7.1 Logistic Regression

7.1 Logistic Regression#

Before using logistic regression to model our data, we will attempt to do so through simple linear regression. While linear regression is not suitable for dichotomous outcomes, visualizing it can help illustrate why logistic regression is a better fit for our research question.

Why Not Linear Regression?#

import pandas as pd
import seaborn as sns
import matplotlib.pyplot as plt

df = pd.read_csv("data/data.dat", delimiter='\t')

fig, ax = plt.subplots()
sns.regplot(x="age", y="display", data=df, ax=ax)
ax.set(xlabel="Age [month]", ylabel="Understanding display rules")

plt.show()

../../../_images/2f99cc5d7e06c530d542ab474fce770d361bb706b5e48822c61a1893e5c86ac2.png

As you can see, linear regression struggles with binary outcomes, as evidenced by predicted values exceeding 1 beyond approximately 80 months, which is invalid for probabilities. Since our dependent variable is dichotomous (e.g., pass/fail), we need a model that restricts predicted values to fall between 0 and 1, such as logistic regression.

Logistic Regression#

Logistic regression naturally ensures that predicted probabilities stay between 0 and 1. In this tutorial, we will use the LogisticRegression() class from scikit-learn for modeling.

import numpy as np
from sklearn.linear_model import LogisticRegression

# Convert 'age' into a NumPy array and reshape it to a 2D array (required for the model)
# .reshape(-1, 1): Creates one column with as many rows as needed (-1 infers the row count)
X = np.asarray(df['age']).reshape(-1, 1)

# Convert 'display' to a NumPy array for the binary outcome
y = np.asarray(df['display']) # binary outcome

model = LogisticRegression()
results = model.fit(X, y)

print(f"Intercept: {results.intercept_}")
print(f"Coefficients: {results.coef_}")

Intercept: [-2.83306013]
Coefficients: [[0.06612023]]

Interpreting the Model Outputs: Logits#

The interpretation of the model coefficients is analogous to linear regression:

Intercept: The expected logit (log-odds) of the outcome (understanding display rules) when age = 0.
Coefficient: The logit increase of understanding display rules for each one-month increase in age.
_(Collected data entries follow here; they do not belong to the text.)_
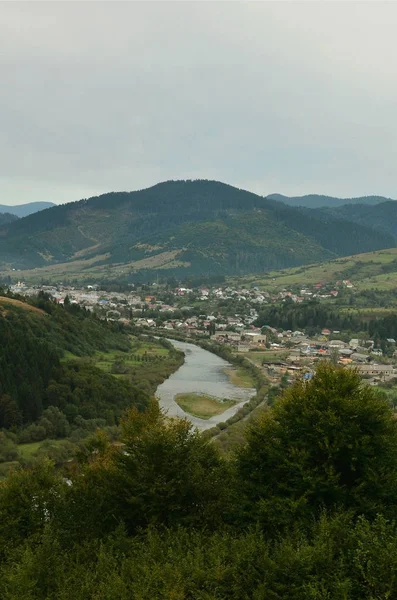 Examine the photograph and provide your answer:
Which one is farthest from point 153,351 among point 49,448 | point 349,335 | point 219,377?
point 49,448

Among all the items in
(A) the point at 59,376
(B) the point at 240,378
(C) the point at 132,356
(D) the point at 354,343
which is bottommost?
(B) the point at 240,378

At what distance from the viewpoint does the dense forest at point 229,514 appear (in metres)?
Answer: 14.0

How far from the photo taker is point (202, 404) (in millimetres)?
59031

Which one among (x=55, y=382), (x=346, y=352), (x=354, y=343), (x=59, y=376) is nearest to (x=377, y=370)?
(x=346, y=352)

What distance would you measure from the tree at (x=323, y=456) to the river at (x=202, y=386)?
30281mm

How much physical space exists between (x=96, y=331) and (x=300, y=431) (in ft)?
223

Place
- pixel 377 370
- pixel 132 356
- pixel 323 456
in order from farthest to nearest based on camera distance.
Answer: pixel 132 356
pixel 377 370
pixel 323 456

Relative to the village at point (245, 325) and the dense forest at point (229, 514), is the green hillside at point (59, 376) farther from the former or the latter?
the dense forest at point (229, 514)

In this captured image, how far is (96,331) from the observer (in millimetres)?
85000

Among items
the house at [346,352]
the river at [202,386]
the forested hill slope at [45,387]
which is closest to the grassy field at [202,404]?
the river at [202,386]

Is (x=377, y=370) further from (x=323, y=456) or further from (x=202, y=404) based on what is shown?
(x=323, y=456)

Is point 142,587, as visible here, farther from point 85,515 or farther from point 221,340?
point 221,340

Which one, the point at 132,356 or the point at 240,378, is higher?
the point at 132,356

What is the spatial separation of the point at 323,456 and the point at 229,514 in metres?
3.59
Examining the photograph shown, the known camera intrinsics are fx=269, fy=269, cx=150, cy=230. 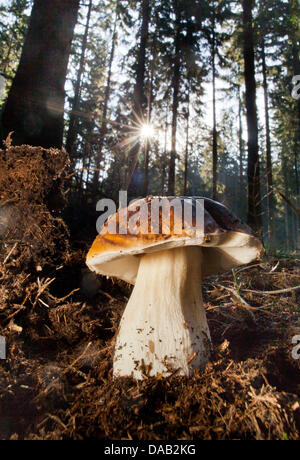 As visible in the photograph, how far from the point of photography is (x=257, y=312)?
276 centimetres

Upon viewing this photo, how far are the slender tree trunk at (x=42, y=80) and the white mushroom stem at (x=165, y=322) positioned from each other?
7.27ft

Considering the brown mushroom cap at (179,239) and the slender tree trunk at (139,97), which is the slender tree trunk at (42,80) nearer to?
the brown mushroom cap at (179,239)

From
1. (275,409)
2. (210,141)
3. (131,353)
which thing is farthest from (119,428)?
(210,141)

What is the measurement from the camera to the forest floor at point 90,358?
4.11ft

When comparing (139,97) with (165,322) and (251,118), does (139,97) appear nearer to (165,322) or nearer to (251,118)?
(251,118)

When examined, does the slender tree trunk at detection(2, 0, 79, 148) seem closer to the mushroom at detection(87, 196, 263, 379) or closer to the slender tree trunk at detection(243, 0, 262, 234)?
the mushroom at detection(87, 196, 263, 379)

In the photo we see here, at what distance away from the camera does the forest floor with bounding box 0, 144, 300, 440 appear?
1254 mm

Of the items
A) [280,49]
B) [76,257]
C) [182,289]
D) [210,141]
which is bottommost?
[182,289]

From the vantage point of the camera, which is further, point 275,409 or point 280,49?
point 280,49

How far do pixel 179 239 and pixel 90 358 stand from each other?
1067mm

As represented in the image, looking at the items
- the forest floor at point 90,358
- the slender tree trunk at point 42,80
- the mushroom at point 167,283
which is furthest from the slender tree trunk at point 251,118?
the mushroom at point 167,283

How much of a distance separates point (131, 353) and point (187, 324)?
0.42 meters

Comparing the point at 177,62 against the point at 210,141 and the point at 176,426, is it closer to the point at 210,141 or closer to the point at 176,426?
the point at 210,141

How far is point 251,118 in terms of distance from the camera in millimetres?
8008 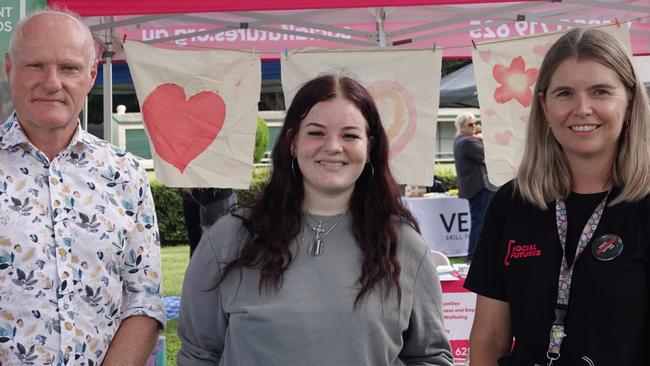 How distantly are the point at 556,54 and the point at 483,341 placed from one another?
2.66 ft

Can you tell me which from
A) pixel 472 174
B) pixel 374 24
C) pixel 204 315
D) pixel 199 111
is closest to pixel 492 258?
pixel 204 315

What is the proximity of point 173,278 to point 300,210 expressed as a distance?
638 cm

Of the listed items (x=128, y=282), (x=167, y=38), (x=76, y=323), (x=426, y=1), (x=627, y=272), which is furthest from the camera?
(x=167, y=38)

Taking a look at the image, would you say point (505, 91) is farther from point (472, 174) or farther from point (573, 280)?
point (472, 174)

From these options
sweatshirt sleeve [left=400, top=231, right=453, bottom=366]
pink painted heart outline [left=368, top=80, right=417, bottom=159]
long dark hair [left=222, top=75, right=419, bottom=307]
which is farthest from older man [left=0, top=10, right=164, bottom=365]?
pink painted heart outline [left=368, top=80, right=417, bottom=159]

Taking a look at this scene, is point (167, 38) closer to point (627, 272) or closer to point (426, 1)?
point (426, 1)

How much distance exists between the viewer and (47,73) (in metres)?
2.01

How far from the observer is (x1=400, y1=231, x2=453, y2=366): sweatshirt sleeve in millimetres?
1981

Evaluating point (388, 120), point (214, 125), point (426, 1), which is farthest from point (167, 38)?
point (426, 1)

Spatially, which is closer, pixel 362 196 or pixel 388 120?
pixel 362 196

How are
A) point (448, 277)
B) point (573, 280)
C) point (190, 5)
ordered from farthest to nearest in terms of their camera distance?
point (448, 277), point (190, 5), point (573, 280)

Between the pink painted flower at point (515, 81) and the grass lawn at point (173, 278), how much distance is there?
2.93 m

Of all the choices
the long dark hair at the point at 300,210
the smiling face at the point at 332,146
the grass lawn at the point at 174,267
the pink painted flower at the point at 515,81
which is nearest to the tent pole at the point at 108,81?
the grass lawn at the point at 174,267

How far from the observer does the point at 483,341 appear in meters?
2.02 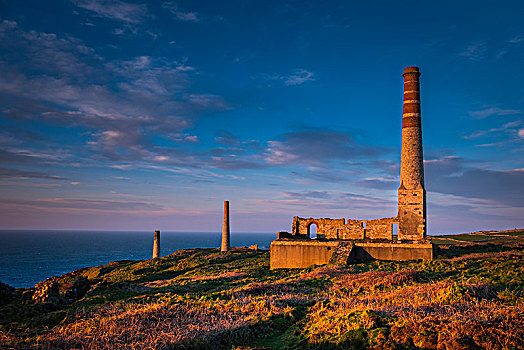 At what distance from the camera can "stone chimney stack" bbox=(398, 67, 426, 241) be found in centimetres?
2898

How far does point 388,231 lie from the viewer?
104ft

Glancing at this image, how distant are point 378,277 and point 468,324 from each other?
9348 mm

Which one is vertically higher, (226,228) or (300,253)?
(226,228)

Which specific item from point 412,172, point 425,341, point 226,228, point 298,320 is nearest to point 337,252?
point 412,172

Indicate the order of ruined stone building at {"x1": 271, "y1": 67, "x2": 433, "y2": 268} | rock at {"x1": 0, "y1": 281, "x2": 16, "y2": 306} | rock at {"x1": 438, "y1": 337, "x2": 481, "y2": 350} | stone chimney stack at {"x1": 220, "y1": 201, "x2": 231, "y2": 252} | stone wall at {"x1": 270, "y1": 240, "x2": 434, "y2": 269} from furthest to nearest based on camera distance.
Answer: stone chimney stack at {"x1": 220, "y1": 201, "x2": 231, "y2": 252}
ruined stone building at {"x1": 271, "y1": 67, "x2": 433, "y2": 268}
stone wall at {"x1": 270, "y1": 240, "x2": 434, "y2": 269}
rock at {"x1": 0, "y1": 281, "x2": 16, "y2": 306}
rock at {"x1": 438, "y1": 337, "x2": 481, "y2": 350}

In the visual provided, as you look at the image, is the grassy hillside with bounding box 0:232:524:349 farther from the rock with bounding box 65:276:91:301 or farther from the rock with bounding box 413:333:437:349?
the rock with bounding box 65:276:91:301

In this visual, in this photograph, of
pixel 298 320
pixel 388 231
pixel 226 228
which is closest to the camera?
pixel 298 320

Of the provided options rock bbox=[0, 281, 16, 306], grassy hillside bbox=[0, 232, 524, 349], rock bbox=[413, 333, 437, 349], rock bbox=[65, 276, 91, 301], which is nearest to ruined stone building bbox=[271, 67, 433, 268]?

The output of a logistic regression model is linear in the log-odds (logits). Each coefficient in the logistic regression tells us how a one-unit change in a predictor affects the log-odds of the outcome. While not as intuitive as probabilities, the transformation to logits is crucial because it allows us to use linear regression techniques for binary outcomes.

But what even are logits?

Logits are the natural logarithm of the odds of an event occurring in logistic regression. The odds of an event are defined as the ratio of the probability of the event occurring (\(P\)) to the probability of the event not occurring \((1-P)\):

\[\text{Odds} = \frac{P}{1-P}\]

In logistic regression, we predict the logit (log-odds) as a linear combination of the independent variables \((X_1, X_2, \dots, X_k)\) and their corresponding regression coefficients \((\beta_1, \beta_2, \dots \beta_k)\):

\[\text{Logit}(P) = \ln\left(\frac{P}{1-P}\right) = \beta_0 + \beta_1X_1 + \beta_2X_2 + \dots + \beta_kX_k\]

If we plot the equation, we can see how the regression line looks like:

df['logit'] = results.intercept_ + results.coef_[0] * df['age']

fig, ax = plt.subplots()
ax.plot(df['age'], df['logit'], color="red", label="Logit Transform")
ax.scatter(df['age'], df['logit'], color="blue", alpha=0.5, label="Data points")
ax.set(xlabel="Age", ylabel="Logit (Log-Odds)", title="Logit Transform")

plt.legend()
plt.show()

../../../_images/159b887d1bbc98c1be46a91baf1a9e29151e12bf2b3b89f8611d91f7829782b4.png

From Logits to Probabilities#

We can simply transform the logits back into probabilities (more specifically the conditional probability of an observation y belongig to class 1 given predictor(s) X):

\[P(Y=1 \mid X) = \frac{1}{1 + e^{-(b_0 + b_1 X)}}\]

To better understand the model’s behavior, let’s plot its outputs. A simple way to do this is by ceating an evenly spaced array of values for our range, and then use model.predict() to predict the outcome for each value. This will generate the regression line:

# Create an evenly spaced array of values for the range 
x_range = np.linspace(1, 100, 100).reshape(-1, 1) 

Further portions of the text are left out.